To circumvent the problems described above, we work with projection-based methods. This paper can be divided into three parts. First, we show different projection-based approaches and how they can be used. Instead of working with a single view, we examine the spherical, the bird’s eye, and the cylindrical views. Stating their advantages and disadvantages allows us to compare the views with each other and shows how to improve them. By using multiple projection planes as feature maps and combining them with dimensionality reducing filters, the bird’s-eye and the cylindrical view can be drastically improved. The second part is about fusing multiple views. Complementary views allow the avoidance of errors that occur, such as occlusion. This means we can improve the overall performance. To investigate the fusion process itself, we define our baseline model and compare it to non-learnable and learnable approaches. Within the third part, we answer the question about generalization. This does not only mean to apply the approaches to unseen data but also to a new sensor with a different setup, as well as to synthetic generated data.

This paper makes three major contributions:

• comparing different projection-based methods with each other to highlight the advantages and disadvantages
• improving the performance for the regular bird’s eye and cylindrical view
• proposing methods that can be used to fuse multiple projections with each other to improve the overall performance

2. Related Work

There are a lot of different approaches to tackle the task of 3D segmentation today. A general overview is given in [19]. Mainly, these approaches can be divided into projection-based, discretization-based, and point-based methods.

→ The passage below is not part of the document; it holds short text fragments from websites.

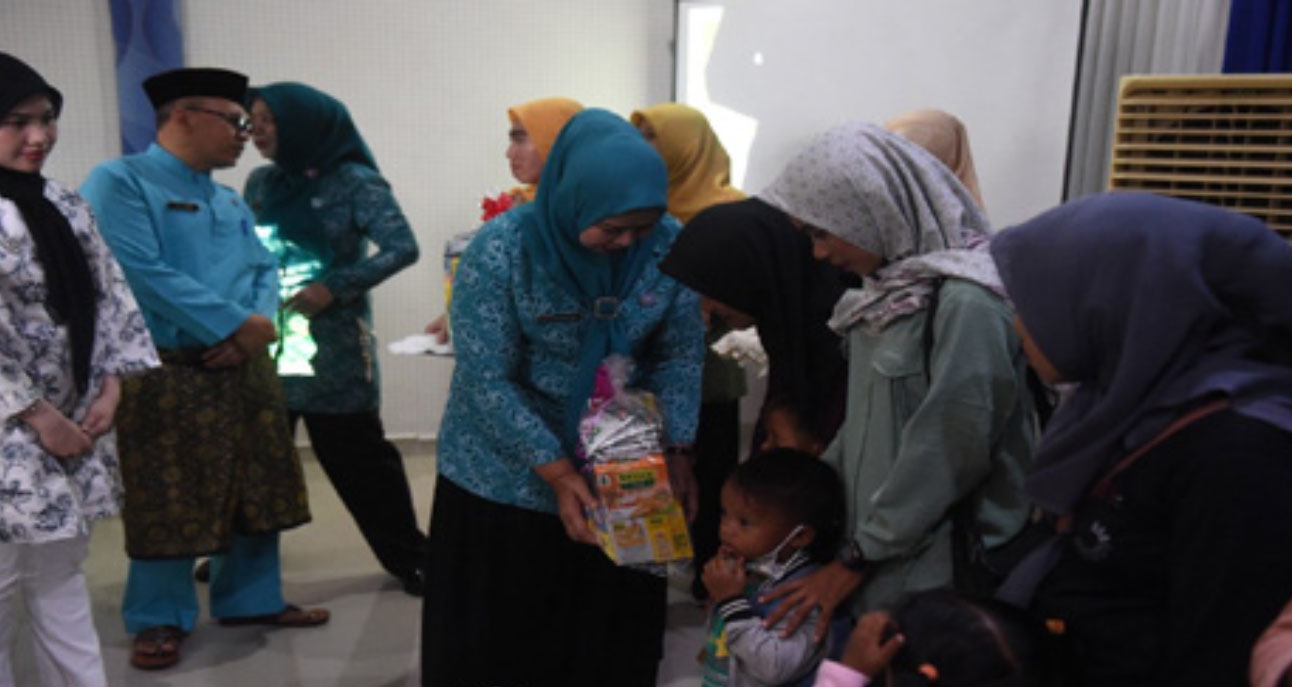 Ketua PKK Kepri Salurkan 202 Paket Nutrisi Cegah Stunting untuk Masyarakat Bintan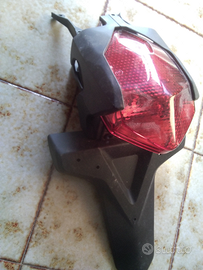 Ricamb Fanale post portatarga honda crf 250 l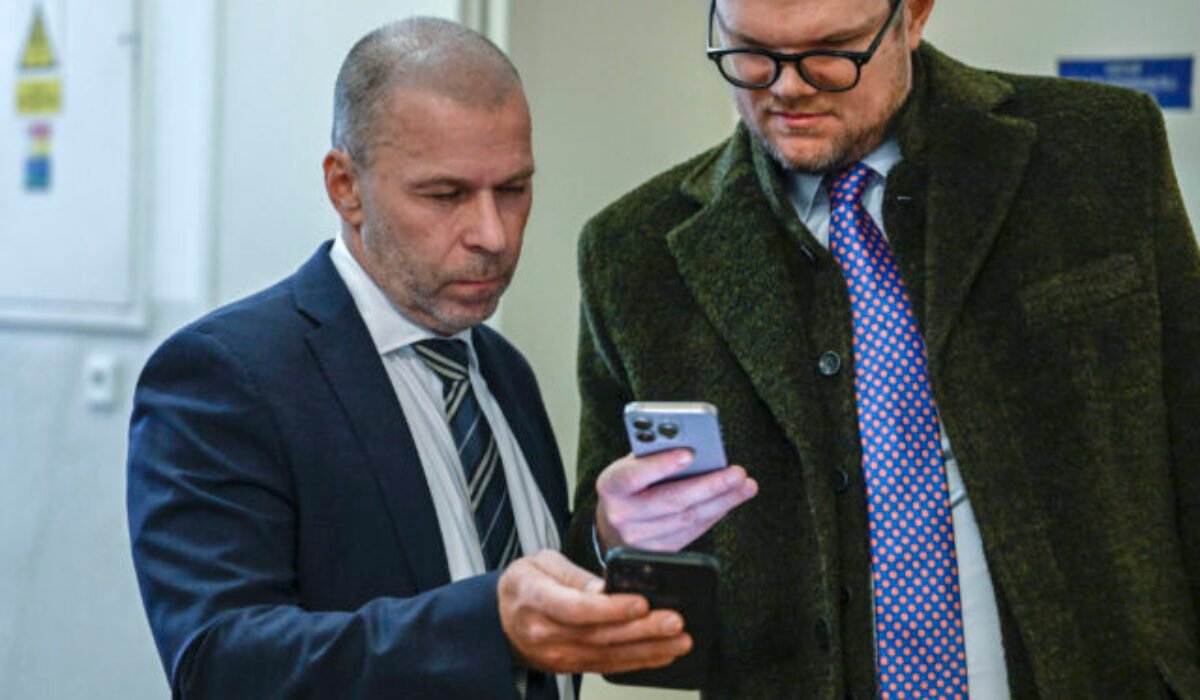 Kubina: Z komunikácie čurillovcov s obhajcom nevyplýva trestná činnosť, nebude ani súčasťou spisu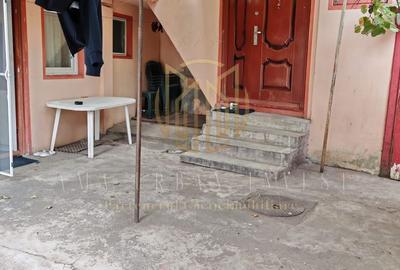 Tepes Voda Hala Traian casa 2 camere 47 mp , curte libera 25 mp, 68000 eur - 3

The idea of the projection-based method is to map the 3D data into a 2D image. The point cloud is transformed into a spherical image in [20,21] and SalsaNext [22]. Each of them uses a different 2D backbone for the segmentation, and both use k Nearest Neighbors (kNN) for post-processing the re-projected prediction. Instead of a spherical image, a bird’s-eye view image is used in [23]. In addition to that, Polar coordinates are used instead of Cartesian coordinates and an MLP to learn a fixed-size representation. There are already several works that fuse multiple projections. The authors of [24] extract features from both views and use an early fusion approach. Segmenting the spherical image first and projecting the results into the bird’s-eye view for further processing is done in [25]. Ref. [26] separates the two projections and adds up the resulting probabilities. In [27], the late fusion is learned by an MLP. Multiple different projections are used in [28] to perform shape segmentation. All of the named approaches have achieved excellent results. The main advantage of this method is that well-studied 2D convolution can be applied. This makes the approach very fast and accurate at the same time. Nevertheless, this approach suffers from discretization errors and occlusion. Furthermore, it highly depends on the used sensor.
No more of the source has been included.